Secourisme Canada constate le même phénomène chaque année. La trousse de premiers soins de l'entraîneur de hockey est le seul équipement d'équipe qui n'est jamais vérifié hors saison, car elle appartient à tout le monde et à personne. La vérifier en août prend vingt minutes. La vérifier en octobre signifie le faire après qu'elle a déjà fait défaut à quelqu'un.

Le banc est plus fréquenté que ce que les gens imaginent.


Les blessures au hockey sont rarement spectaculaires, et c'est précisément pour cela que les équipes se font surprendre.
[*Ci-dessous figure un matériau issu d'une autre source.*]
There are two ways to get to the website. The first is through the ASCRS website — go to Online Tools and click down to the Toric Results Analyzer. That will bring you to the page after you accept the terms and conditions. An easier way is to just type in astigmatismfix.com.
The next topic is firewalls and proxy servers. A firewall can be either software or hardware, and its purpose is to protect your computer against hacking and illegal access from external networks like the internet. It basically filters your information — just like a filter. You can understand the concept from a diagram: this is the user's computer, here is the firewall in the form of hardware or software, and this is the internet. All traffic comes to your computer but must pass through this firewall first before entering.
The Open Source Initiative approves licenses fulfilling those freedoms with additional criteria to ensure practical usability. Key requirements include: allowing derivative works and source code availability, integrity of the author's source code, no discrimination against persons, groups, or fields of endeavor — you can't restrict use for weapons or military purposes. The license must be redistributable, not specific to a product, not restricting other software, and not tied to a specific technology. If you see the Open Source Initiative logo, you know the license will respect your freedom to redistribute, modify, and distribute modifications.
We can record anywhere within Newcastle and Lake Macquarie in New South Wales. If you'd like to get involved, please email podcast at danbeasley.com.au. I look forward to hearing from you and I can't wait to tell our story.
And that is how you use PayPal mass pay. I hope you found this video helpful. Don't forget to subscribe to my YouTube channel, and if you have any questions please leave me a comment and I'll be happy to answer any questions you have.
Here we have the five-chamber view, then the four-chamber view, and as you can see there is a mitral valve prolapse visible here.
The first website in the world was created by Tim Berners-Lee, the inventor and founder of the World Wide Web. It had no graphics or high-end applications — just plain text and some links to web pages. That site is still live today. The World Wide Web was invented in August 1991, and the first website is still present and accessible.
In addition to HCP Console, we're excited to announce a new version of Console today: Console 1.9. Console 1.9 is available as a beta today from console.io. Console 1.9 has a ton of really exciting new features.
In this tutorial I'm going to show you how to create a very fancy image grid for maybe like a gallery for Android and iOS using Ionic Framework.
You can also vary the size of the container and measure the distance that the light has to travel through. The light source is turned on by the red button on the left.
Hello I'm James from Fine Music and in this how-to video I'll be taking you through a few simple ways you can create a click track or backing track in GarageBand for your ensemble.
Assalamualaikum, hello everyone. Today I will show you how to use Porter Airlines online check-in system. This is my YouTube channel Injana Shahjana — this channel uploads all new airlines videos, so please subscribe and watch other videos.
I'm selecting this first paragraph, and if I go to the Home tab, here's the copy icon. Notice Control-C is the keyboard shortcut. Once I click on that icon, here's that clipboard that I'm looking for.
La plupart du temps, un entraîneur ou un soigneur doit gérer des petits bobos constants : coupures aux mains, coups de lame ou de bâton au visage, lèvres fendues, saignements de nez, ampoules dues à des patins neufs, doigts coincés contre la bande, besoin de sparadrap sur un poignet, une cheville ou une jambière qui ne tient pas en place. Rien de tout cela n'interrompt un match à lui seul, mais tout nécessite des soins immédiats, devant les parents, sans que le temps ne soit écoulé. Et comme le hockey implique plus souvent du sang que la plupart des sports, une règle spécifique en compétition s'applique à chaque blessure, même mineure : un joueur qui saigne ne retourne pas sur la glace tant que son saignement n'est pas maîtrisé. Un soigneur sans le matériel adéquat est non seulement mal à l'aise sur le moment, mais c'est aussi la raison pour laquelle un jeune joueur reste sur le banc.
Il y a ensuite ce faible pourcentage d'incidents loin d'être anodins : une chute brutale, une mise en échec par derrière, un palet en plein visage. Ces situations sont rares, et les chances sont généralement du côté de chaque équipe. Mais tout l'intérêt d'une trousse de soins pour le hockey, c'est justement d'être là le jour où la chance tourne.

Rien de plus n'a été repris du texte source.